* **Requirement**: Go through the entries below, tally each line with the string "overview", and give the final number by itself.
(Records for the exercise Opens)
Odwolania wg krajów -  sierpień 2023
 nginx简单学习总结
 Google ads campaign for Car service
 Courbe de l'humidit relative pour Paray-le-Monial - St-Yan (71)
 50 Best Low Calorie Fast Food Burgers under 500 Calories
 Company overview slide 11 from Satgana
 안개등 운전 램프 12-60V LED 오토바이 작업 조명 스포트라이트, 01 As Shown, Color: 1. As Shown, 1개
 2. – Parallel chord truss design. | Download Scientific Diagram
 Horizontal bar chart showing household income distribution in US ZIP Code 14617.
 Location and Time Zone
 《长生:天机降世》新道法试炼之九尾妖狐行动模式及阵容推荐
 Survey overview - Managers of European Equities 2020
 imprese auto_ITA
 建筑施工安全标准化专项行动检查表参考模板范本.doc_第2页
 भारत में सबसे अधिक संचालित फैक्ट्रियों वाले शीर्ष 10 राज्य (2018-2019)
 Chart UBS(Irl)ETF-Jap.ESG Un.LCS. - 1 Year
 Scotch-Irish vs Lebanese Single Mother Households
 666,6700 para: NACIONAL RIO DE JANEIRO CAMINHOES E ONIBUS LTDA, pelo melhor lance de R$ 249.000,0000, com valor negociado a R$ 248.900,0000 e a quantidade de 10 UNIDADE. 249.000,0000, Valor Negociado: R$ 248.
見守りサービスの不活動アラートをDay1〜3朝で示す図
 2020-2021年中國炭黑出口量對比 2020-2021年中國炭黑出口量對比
(Records for the exercise Closes)
* **Exercise answer**: 2